When you reach the line containing "Boxe – PALATINA" in the entries below, repeat it and each line after it exactly until the entries end.

- [INPUT DATA]:
========

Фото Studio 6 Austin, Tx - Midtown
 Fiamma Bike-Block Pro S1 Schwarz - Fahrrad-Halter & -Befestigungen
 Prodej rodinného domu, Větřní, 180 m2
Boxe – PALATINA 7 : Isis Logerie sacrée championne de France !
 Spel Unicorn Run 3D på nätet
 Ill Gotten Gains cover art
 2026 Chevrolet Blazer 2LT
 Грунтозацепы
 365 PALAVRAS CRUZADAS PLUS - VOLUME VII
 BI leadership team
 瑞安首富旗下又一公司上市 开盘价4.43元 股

========

- [OUTPUT FOR THIS TASK]:
Boxe – PALATINA 7 : Isis Logerie sacrée championne de France !
 Spel Unicorn Run 3D på nätet
 Ill Gotten Gains cover art
 2026 Chevrolet Blazer 2LT
 Грунтозацепы
 365 PALAVRAS CRUZADAS PLUS - VOLUME VII
 BI leadership team
 瑞安首富旗下又一公司上市 开盘价4.43元 股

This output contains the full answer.